INPUT DATA:
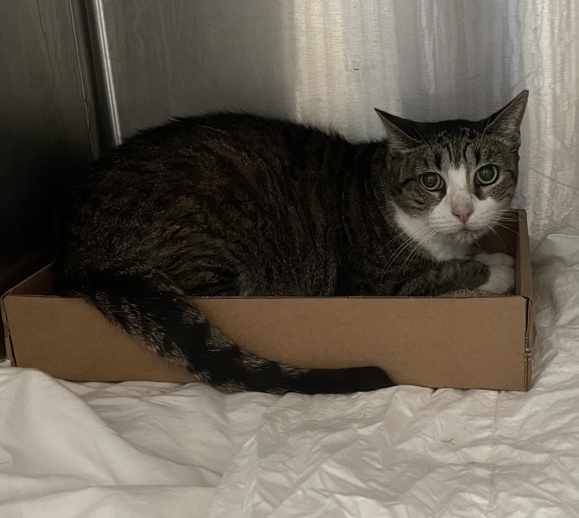 NYCDEATHROWCATS's tweet photo. THERE ARE 50 ANIMALS (26 CATS &amp; 24 DOGS)  AT RISK FOR SATURDAY 10/04/05 DEADLINE IS NOON. PLEASE SHARE, FOSTER, ADOPT, TAG FRIENDS, POST TO SOCIAL MEDIA SITES, PLEDGE TO  HELP SAVE THEIR LIVES. NEW PHOTOS. https://t.co/Rt2PL8RIF6 https://t.co/3NfhYpX3ne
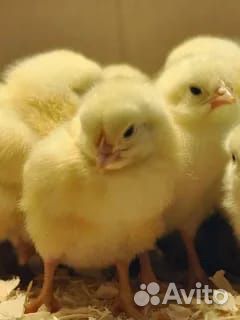 Продам цыплят Бройлера купить на Зозу.ру - фотография № 1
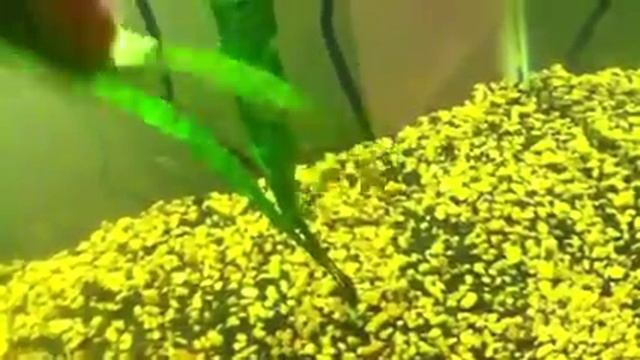 Java fern and plants to get rid of смотреть онлайн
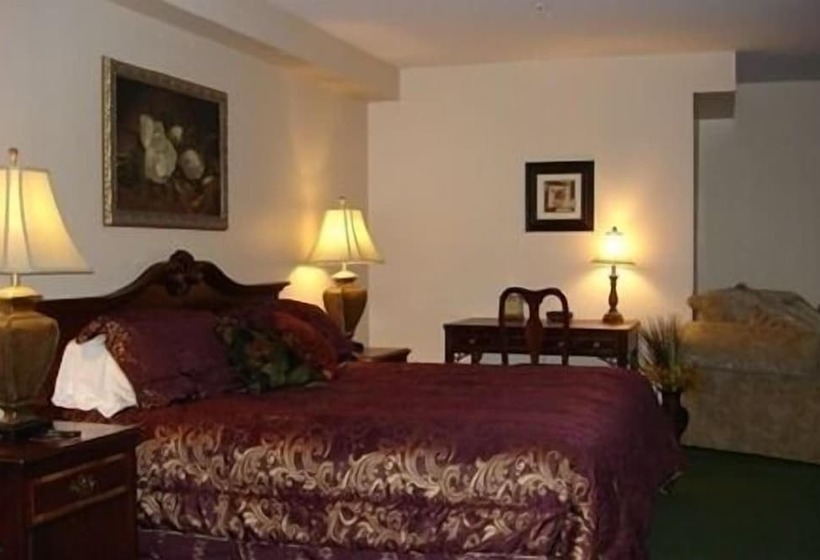 酒店 Colonie Inn And Suites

ACTIVITY: Transcribe the material exactly, keeping every word and none of the pictures.

WRITTEN REPLY:
 NYCDEATHROWCATS's tweet photo. THERE ARE 50 ANIMALS (26 CATS &amp; 24 DOGS)  AT RISK FOR SATURDAY 10/04/05 DEADLINE IS NOON. PLEASE SHARE, FOSTER, ADOPT, TAG FRIENDS, POST TO SOCIAL MEDIA SITES, PLEDGE TO  HELP SAVE THEIR LIVES. NEW PHOTOS. https://t.co/Rt2PL8RIF6 https://t.co/3NfhYpX3ne
 Продам цыплят Бройлера купить на Зозу.ру - фотография № 1
 Java fern and plants to get rid of смотреть онлайн
 酒店 Colonie Inn And Suites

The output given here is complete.